United States v. Agurs , 427 U.S. 97, 112 (1976) (holding omitted evidence must be viewed in context of entire record, and if omitted evidence creates reasonable doubt that did not otherwise exist, constitutional error has been committed).
A Brady violation is established where the defendant demonstrates "(1) the evidence was suppressed by the Commonwealth, either willfully or inadvertently; (2) the evidence was favorable to the defendant; and (3) the evidence was material, in that its omission resulted in prejudice to the defendant." Commonwealth v. Antidormi , 84 A.3d 736, 747 (Pa. Super. 2014). "The mere possibility that an item of undisclosed information might have helped the defense, or might have affected the outcome of the trial does not establish materiality in the constitutional sense." Id.
Instantly, there are only two witnesses who testified at trial - Officer Maull and Williams. Each witness offered drastically different accounts of the events that transpired. Williams' claim that the footage on the body camera video is materially exculpatory is nothing more than a mere possibility that it might have depicted events differently than the Commonwealth presented at trial; it is equally likely that the recording would have corroborated Officer Maull's testimony. See Commonwealth v. Spotti , 94 A.3d 367, 383 (Pa. Super 2014) (holding mere possibility that body camera footage, which was routinely deleted after 30 days, "'might have' depicted events differently [did] not establish 'materiality'."). Thus, Williams has not established that the evidence was materially exculpatory, and the claim does to rise to the level of a Brady violation.

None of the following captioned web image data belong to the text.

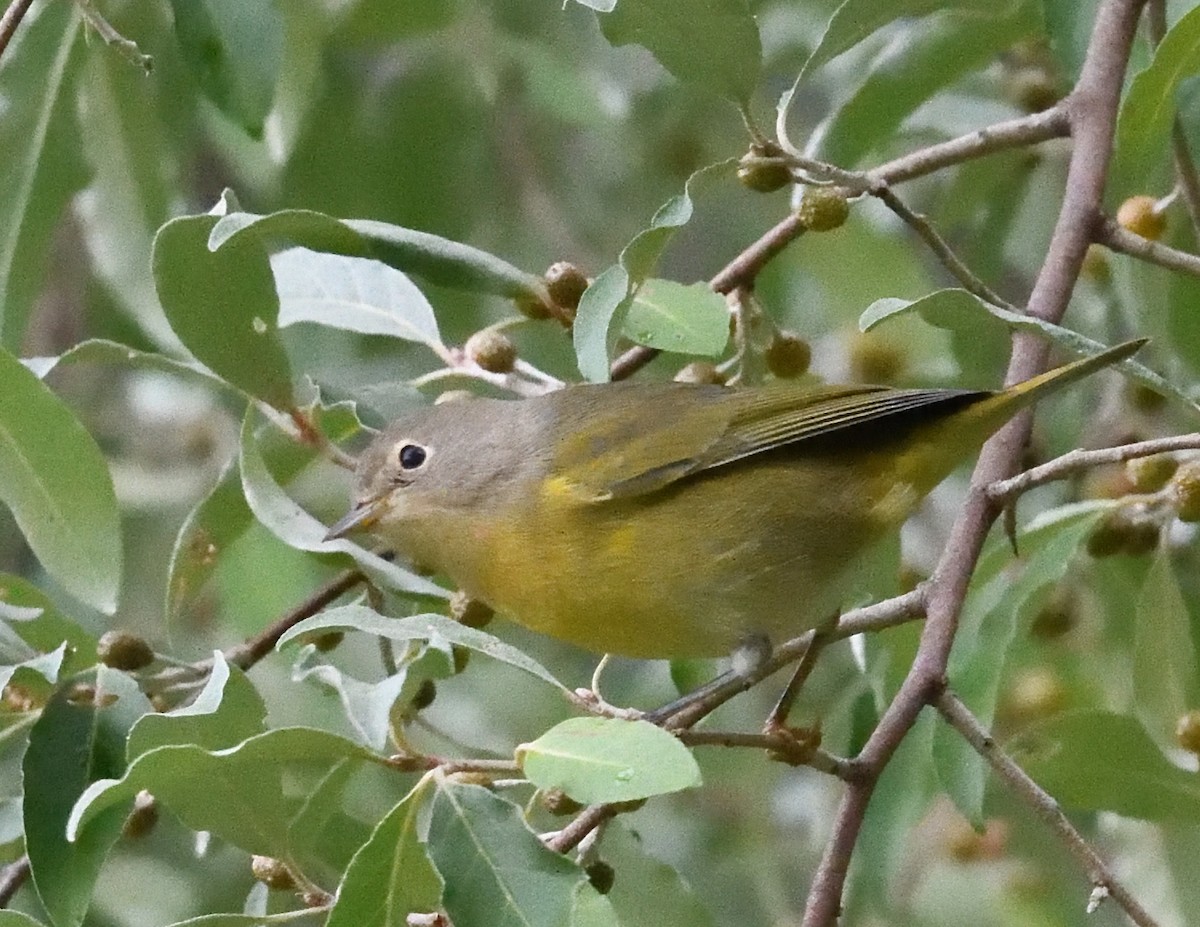 Nashville Warbler - ML640997600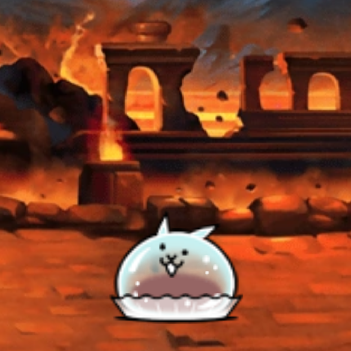 Jelly Dumpling Cat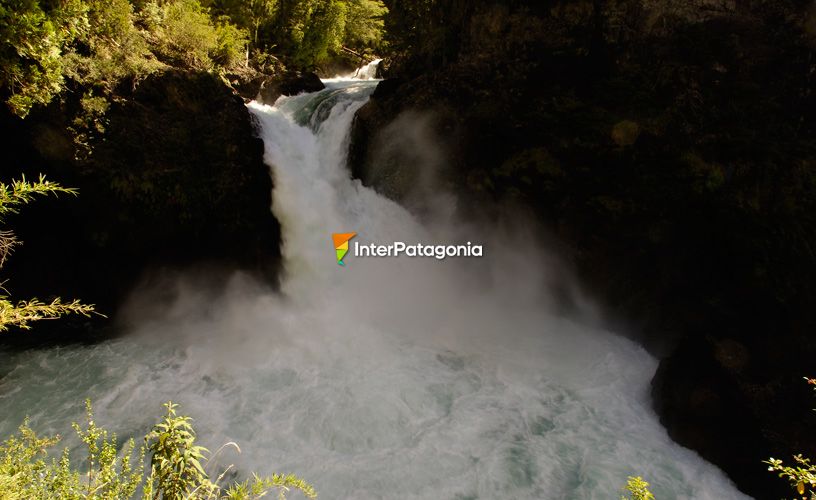 Rodeada de antiguos árboles de alerce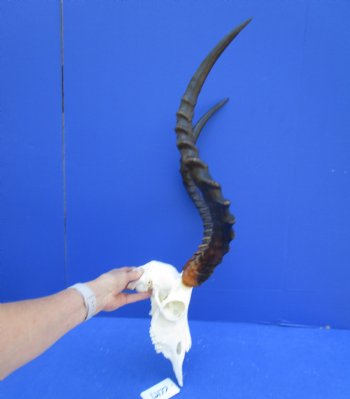 African Impala Skull with Huge 23-1/2 inches horns <font color=red> Good Quality </font>   - Buy this one for $109.99
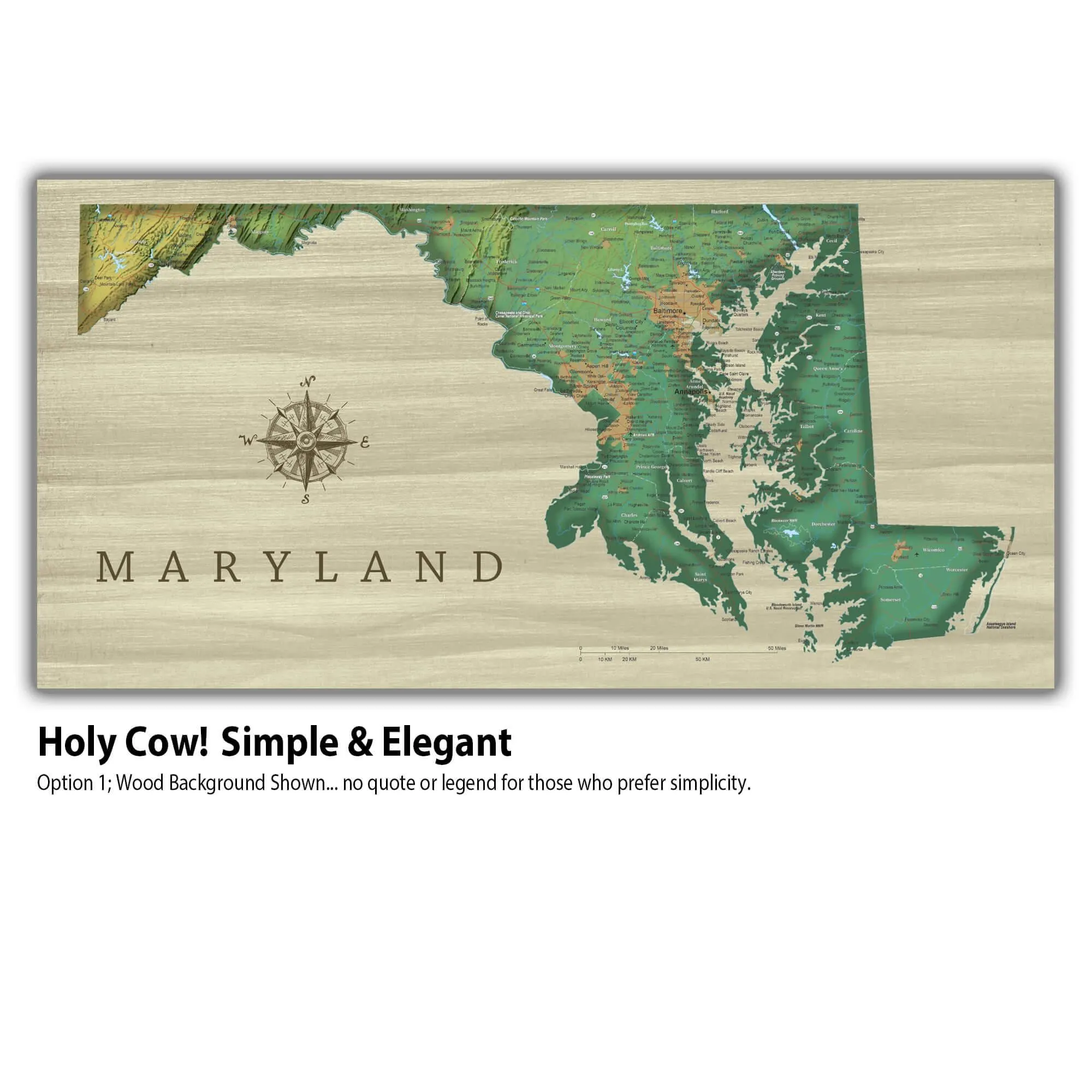 Maryland Push Pin Terrain Map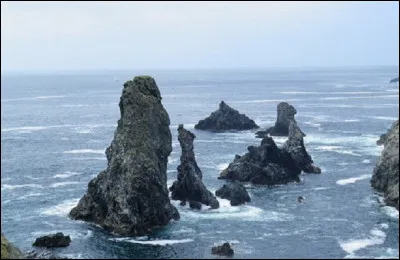 Sur quelle île du Morbihan sont situées les aiguilles de Port-Coton ?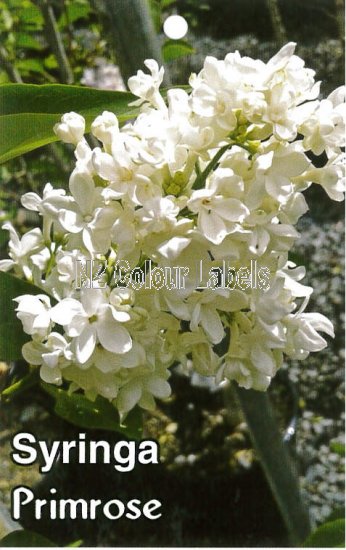 SYRINGA Primrose - Click Image to Close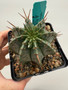 Euphorbia horrida v. horrida 5" Pot C - Seedgrown!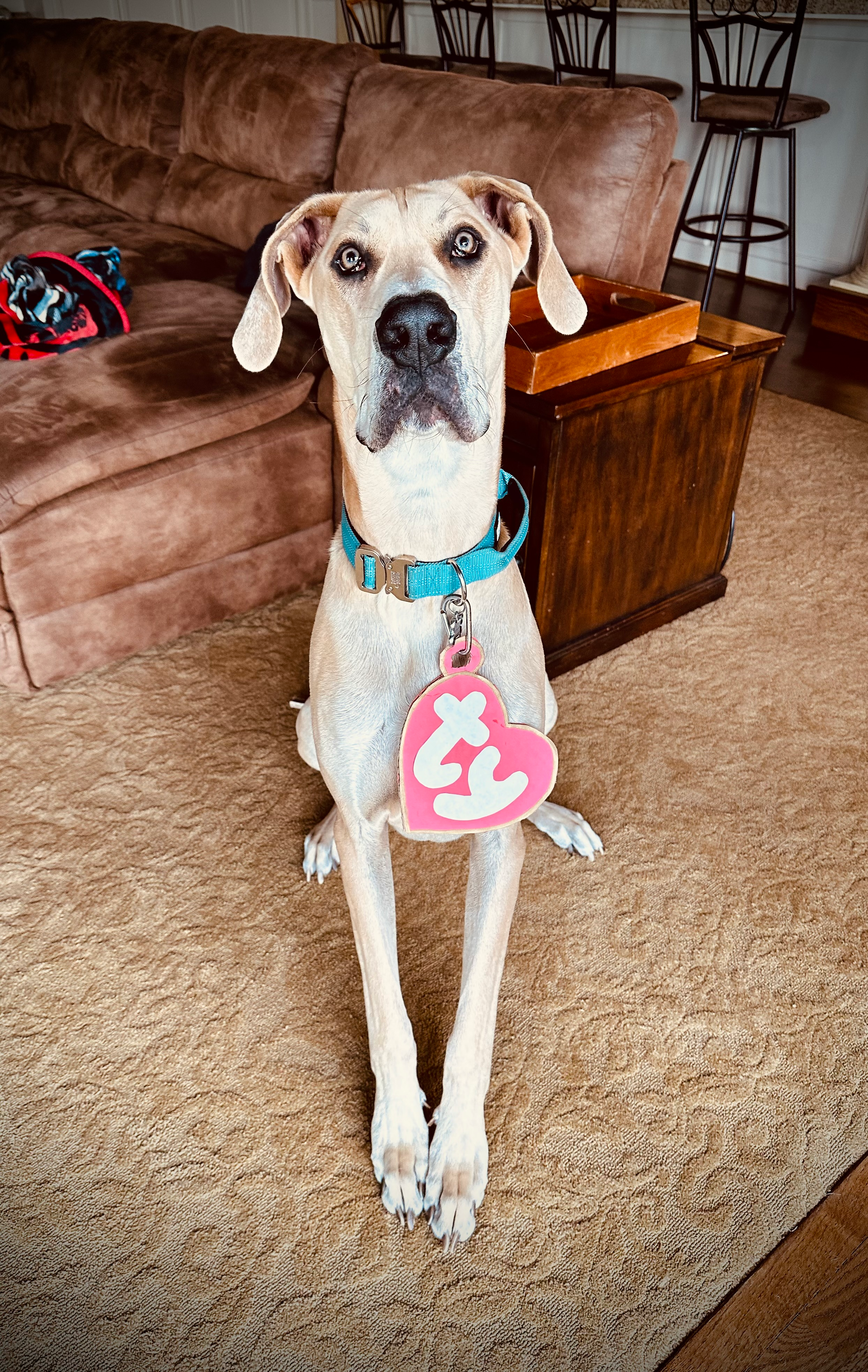 user avatar image for Joey Virtue 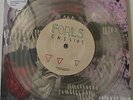 FOALS CASSIUS 7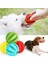 Yeşil L-7cm Pet Köpek Oyuncakları Streç Kauçuk Sızıntı Topu Köpek Komik Interaktif Oyuncak Diş Temizleme Topları Isırmaya Dayanıklı Çiğneme Oyuncakları 5cm/6cm/7cm (Yurt Dışından) 2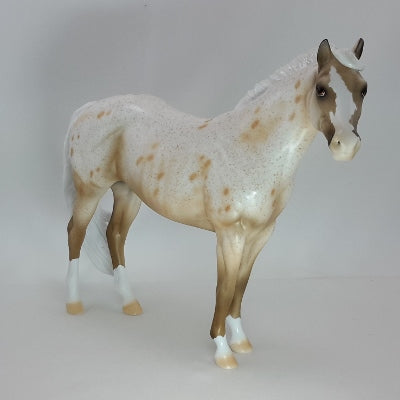 HAPPY APPY - Buckskin Leopard Appaloosa SR2 12/14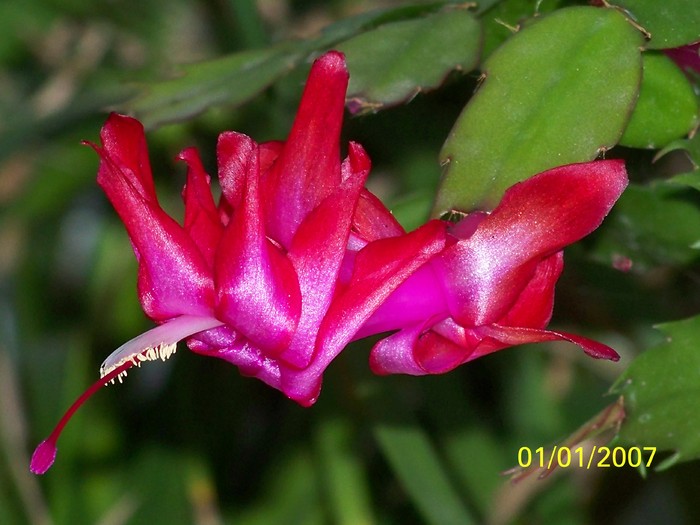 100_4421 - Putina culoare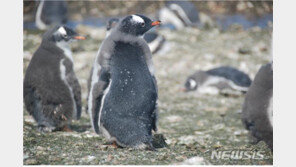 깃갈이 중 단식하는 남극펭귄, 어떻게 버틸까?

Therefore, the recording was merely "potentially useful" evidence, which requires Williams to show that the Commonwealth acted in bad faith by failing to preserve it. Chamberlain , supra. Nothing in the record shows the Commonwealth acted in bad faith by failing to preserve the body camera footage. The district attorney noted at trial that SEPTA routinely deletes body camera footage after thirty days. See N.T. Trial 5/10/17, at 5 ("unless there's a specific request to preserve [the footage], they usually don't keep them for longer than 30 days."). Williams was arrested on August 25, 2016, and filed a motion for compulsory disclosure on March 27, 2017. This is long after the thirty-day body camera preservation period; therefore, there was no way for the Commonwealth to provide the footage. Accordingly, the record shows no evidence of bad faith. Thus, we conclude that the trial court did not abuse its discretion in denying Williams' request to draw a negative inference against the Commonwealth regarding its failure to preserve the body camera footage. Robinson , supra.
See Commonwealth v. Synder , 963 A.2d 396, 408 (Pa. 2009), quoting Arizona v. Youngblood , 488 U.S. 51, 57 (1988) (holding evidence is potentially useful where "no more could be said than that it could have been subjected to tests, the results of which might have exonerated the defendant.").
Judgment of sentence for disorderly conduct under sections 5503(a)(1) and (a)(2) affirmed. Judgment of sentence for disorderly conduct under section 5503(a)(3) vacated. Jurisdiction relinquished. Judgment Entered. /s/_________
Joseph D. Seletyn, Esq.
Prothonotary Date: 8/15/18
Due to the fact that Williams' sentences run concurrently, vacating his section 5503(a)(3) count of disorderly conduct does not upset the trial court's overall sentencing scheme. We thus do not need to remand for resentencing. See Commonwealth v. Thur , 906 A.2d 552, 569 (Pa. Super. 2006) ("[I]f our decision does not alter the overall scheme, there is no need for a remand.").